First of all, that gives this man a whole host of rights under our system that he doesn't deserve. Once his court appointed lawyer speaks to him he won't say another word. This man has committed an act of war upon the United States. Under the Geneva Conventions, he doesn't rate any rights at all. Under those conventions, a terrorist may be tried by a military tribunal and executed. Those are the rights this man deserves. Not coverage under our Constitution and civil code.
Second of all this conflict isn't going to go away any time soon. It will last the rest of our lives. Christopher Hitchens put it very well in his column yesterday in Slate online.
What nobody in authority thinks us grown-up enough to be told is this: We had better get used to being the civilians who are under a relentless and planned assault from the pledged supporters of a wicked theocratic ideology. These people will kill themselves to attack hotels, weddings, buses, subways, cinemas, and trains. They consider Jews, Christians, Hindus, women, homosexuals, and dissident Muslims (to give only the main instances) to be divinely mandated slaughter victims. Our civil aviation is only the most psychologically frightening symbol of a plethora of potential targets. The future murderers will generally not be from refugee camps or slums (though they are being indoctrinated every day in our prisons); they will frequently be from educated backgrounds, and they will often not be from overseas at all. They are already in our suburbs and even in our military. We can expect to take casualties. The battle will go on for the rest of our lives. Those who plan our destruction know what they want, and they are prepared to kill and die for it. Those who don't get the point prefer to whine about "endless war," accidentally speaking the truth about something of which the attempted Christmas bombing over Michigan was only a foretaste. While we fumble with bureaucracy and euphemism, they are flying high.

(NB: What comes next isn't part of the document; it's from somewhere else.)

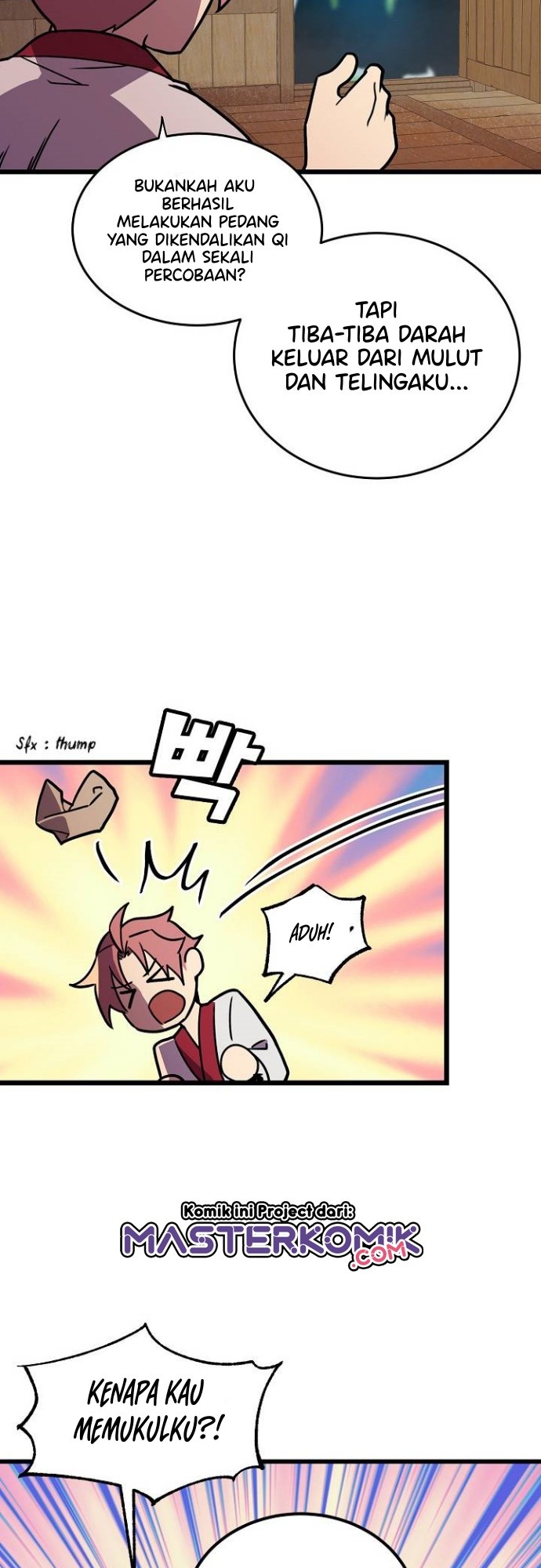 Absolute Martial Arts Chapter 24 Gambar 10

UPDATE: Mark Steyn's view of Mr. Obama's "statement" is spot on:
Putting aside the stuff that was just plain wrong (this guy's an "isolated extremist" - oh, yeah?), the President's remarks had a horrible desiccated complacency. "Alleged..." "suspect..." "charged..." - because this is no different from a punk holding up a gas station, right? In all their alleged allegedness, this Administration has an allergy to the concept of war, and thus to the tools of war, including strategy and war aims. In essence, they've accepted a Fort Hood model for this challenge: every so often, something will happen and people will die, and we'll seal off the crime scene and take the alleged suspect into alleged custody. But it's reactive, and it cripples our ability to prevent the death of innocents.Again, the emphasis is mine...loved "desiccated complacency" I'll have to remember that.
There's a difference between an alleged suspect (which is what he is is the President's fantasy) and an enemy combatant (which is what he is in reality). If this were a war, we would question him about who he hooked up with in Yemen, who did he meet with in London, and maybe get a lead on attacks to come. Instead, the authorities, having issued the Knickerbomber a multi-entry visa, having permitted him to board the plane, and having failed to detect his incendiary unwear, now allow him to lawyer up and ensure that we'll never know who he knew in Yemen or anywhere else.
This would be a big enough gamble in the best of circumstances. Up against the broader background Derb discusses, it makes disaster inevitable.